Alat musik tradisional khas Minahasa, Sulawesi Utara, Kolintang, resmi diakui sebagai bagian dari “Representative List of the Intangible Cultural Heritage of Humanity” atau Daftar Representatif Warisan Budaya Takbenda Kemanusiaan oleh UNESCO.
Pengumuman terkait hal ini dilakukan dalam sidang ke-19 the Intergovernmental Committee for the Safeguarding of the Intangible Cultural Heritage di Paraguay pada Kamis (5/12) pukul 12.20 waktu setempat, atau pada Kamis (5/12) pukul 22.00 WIB.
Menteri Kebudayaan Fadli Zon dalam pidatonya secara virtual menyampaikan bahwa kolintang bukan sekadar alat musik melainkan juga simbol persatuan.
“Kolintang bukan sekadar alat musik, melainkan simbol harmoni, persatuan, dan kreativitas masyarakat Indonesia. Pengakuan ini adalah bukti komitmen kita bersama dalam melestarikan kekayaan budaya bangsa,” ujar Menteri Fadli dalam keterangan pers di Jakarta, Kamis.
Kolintang, yang memiliki kemiripan dengan Balafon, alat musik tradisional dari Mali, Burkina Faso, dan Côte d’Ivoire di Afrika Barat, menjadi bukti bahwa musik tradisional mampu menjembatani perbedaan geografis dan budaya.
“Meski berasal dari tradisi yang berbeda, Kolintang dan Balafon menunjukkan bahwa musik adalah bahasa universal yang dapat menyatukan kita dalam ritme dan kreativitas bersama di tengah perbedaan,” tambah Fadli.

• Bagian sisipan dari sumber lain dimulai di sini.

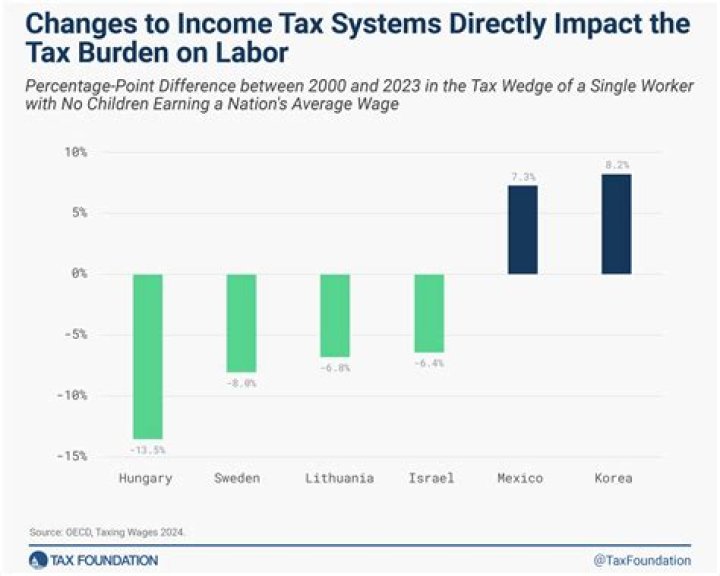 Which tax structure takes a smaller percentage of income as income increases?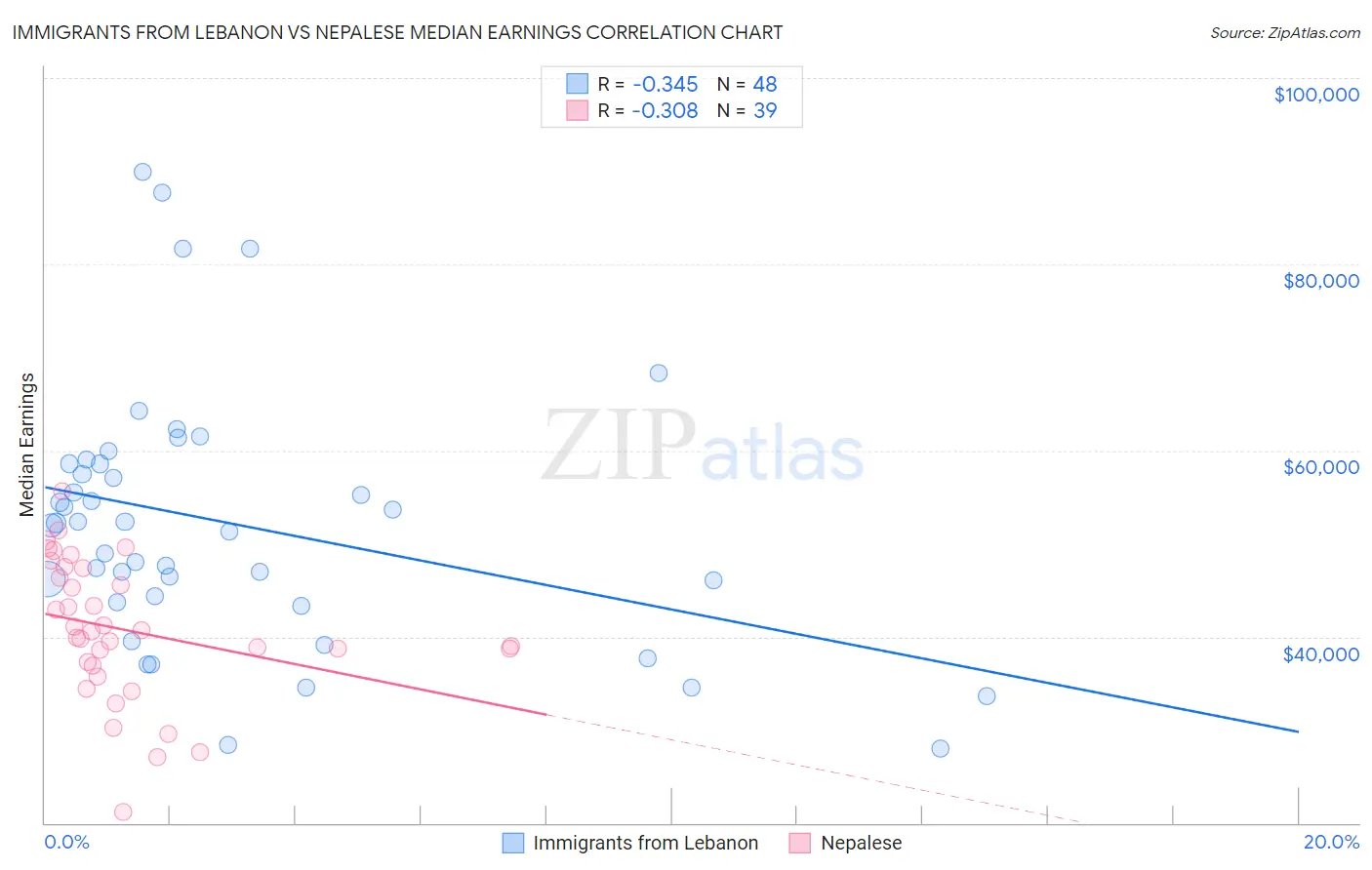 Immigrants from Lebanon vs Nepalese Median Earnings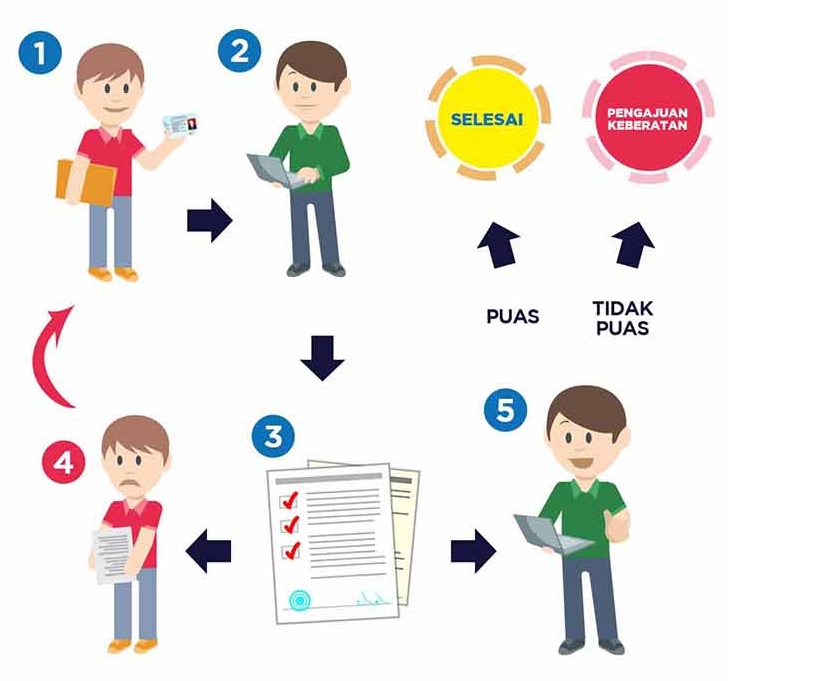 mekanisme-permohonan-informasi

Menteri Fadli Zon juga mengapresiasi dan rasa hormat ke seluruh komunitas Kolintang di Indonesia, mulai musisi, perajin, hingga praktisi budaya. “Kami berterima kasih atas dedikasi Anda semua dalam memastikan Kolintang tetap hidup dan terus menginspirasi generasi mendatang,” ujarnya.

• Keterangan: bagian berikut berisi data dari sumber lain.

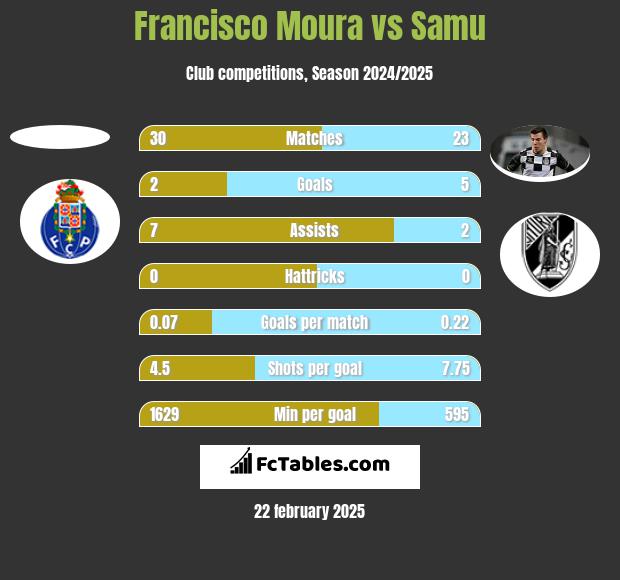 Francisco Moura vs Samu h2h player stats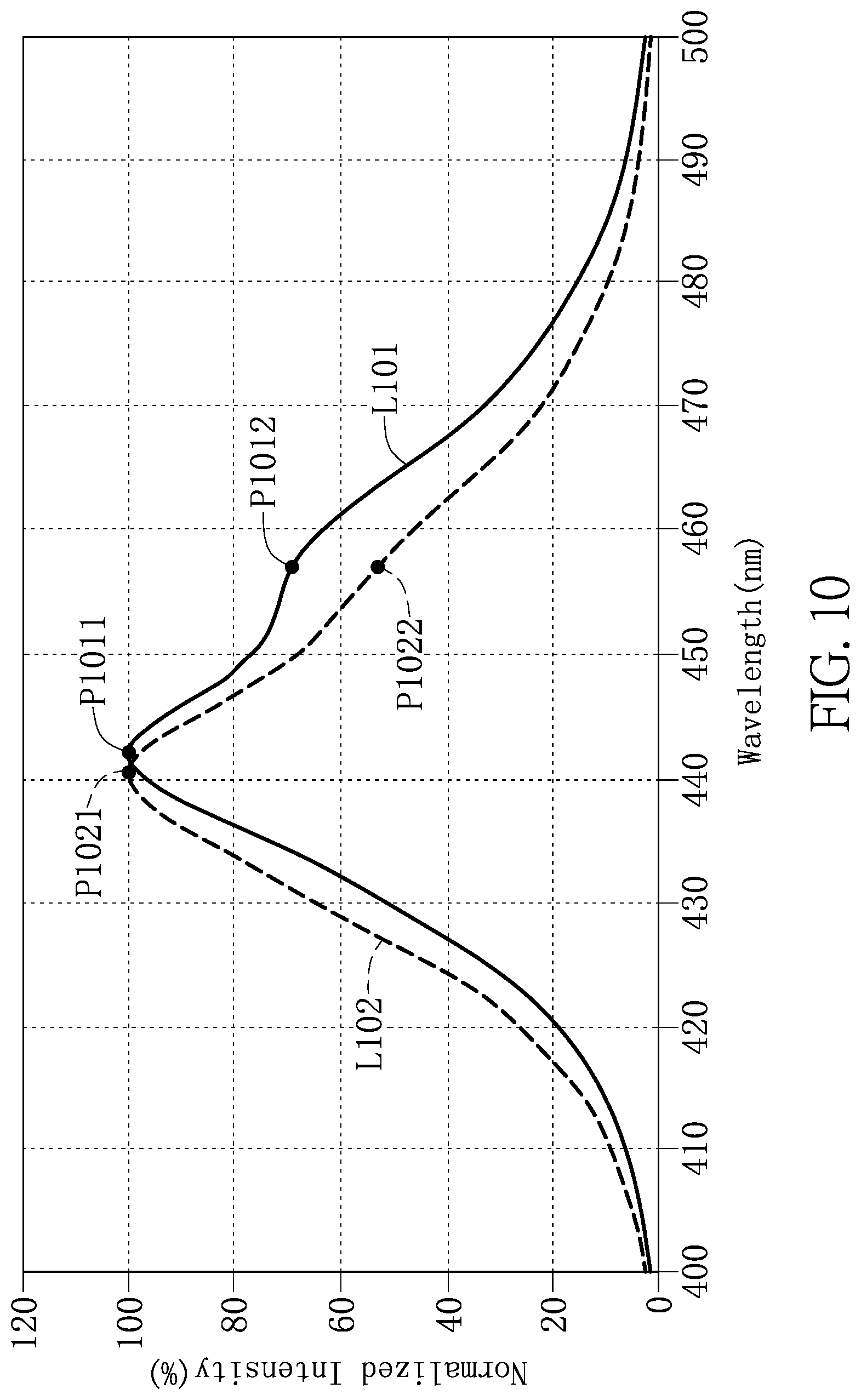 Patent US11777053 Figure 9 – Light-emitting diode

Pengakuan UNESCO membawa tanggung jawab besar untuk terus melestarikan dan mempromosikan Kolintang di kancah nasional maupun internasional. Menteri Fadli Zon menekankan bahwa warisan budaya ini harus menjadi jembatan dialog antarbudaya dan penghubung antara generasi.

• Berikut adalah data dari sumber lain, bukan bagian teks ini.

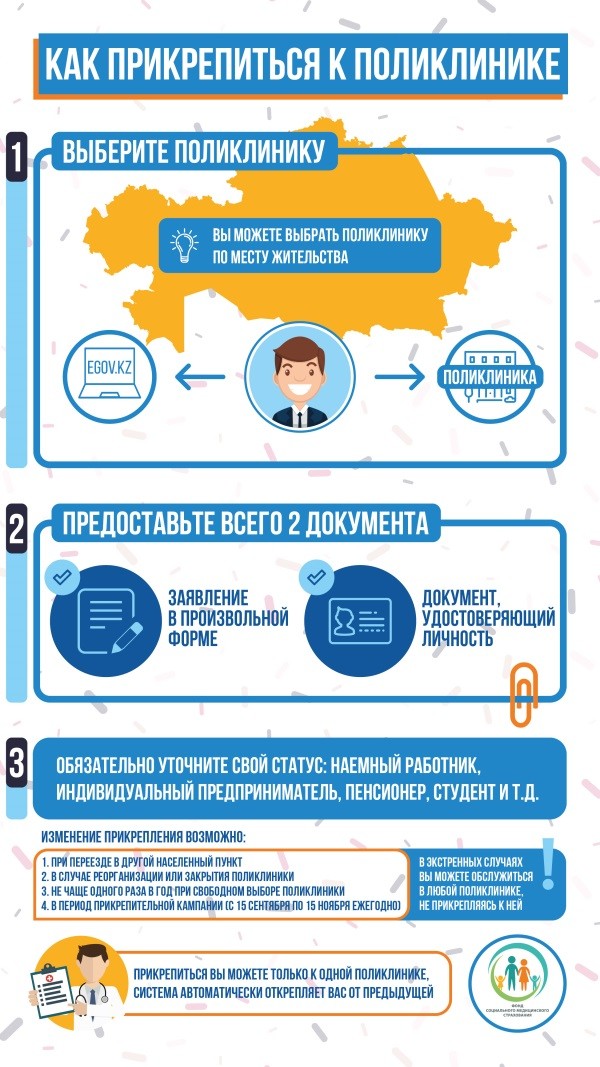 Памятка по прикреплению 1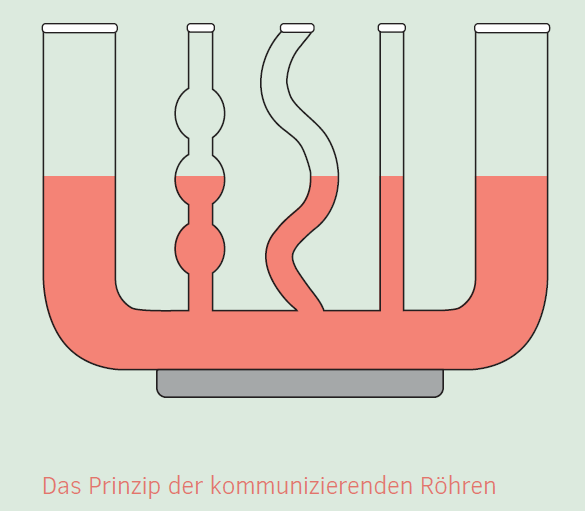 Das Prinzip der kommunizierenden Röhren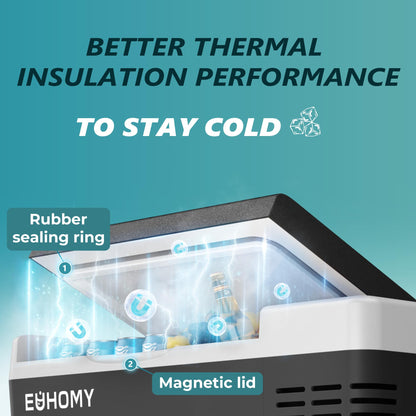 EUHOMY 12 Volt Refrigerator, 19QT(18L) Compressor Electric Cooler APP Control, Car Fridge -4℉~68℉, Portable Refrigerator 12/24V DC 110-240V AC, Portable Freezer for Camping, Travel, Boat - CookCave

“Kami berharap pengakuan ini dapat meningkatkan kesadaran global akan pentingnya warisan budaya takbenda, serta mempererat kerja sama lintas negara dalam upaya pelestarian Kolintang dan Balafon,” ujar dia.
Lebih dari itu, alat musik khas Minahasa ini diharapkan menjadi katalisator perubahan yang mampu melampaui batas geografis, budaya, dan bahasa, serta mendukung pencapaian Agenda 2030 untuk Pembangunan Berkelanjutan.
“Kementerian Kebudayaan siap mendukung dan berkomitmen bekerjasama dengan seluruh masyarakat dalam upaya pemajuan, pengembangan, dan pembinaan kebudayaan, khususnya konteks Warisan Budaya Takbenda dan mendorong ekosistem kebudayaan yang inklusif,” tutup Fadli Zon.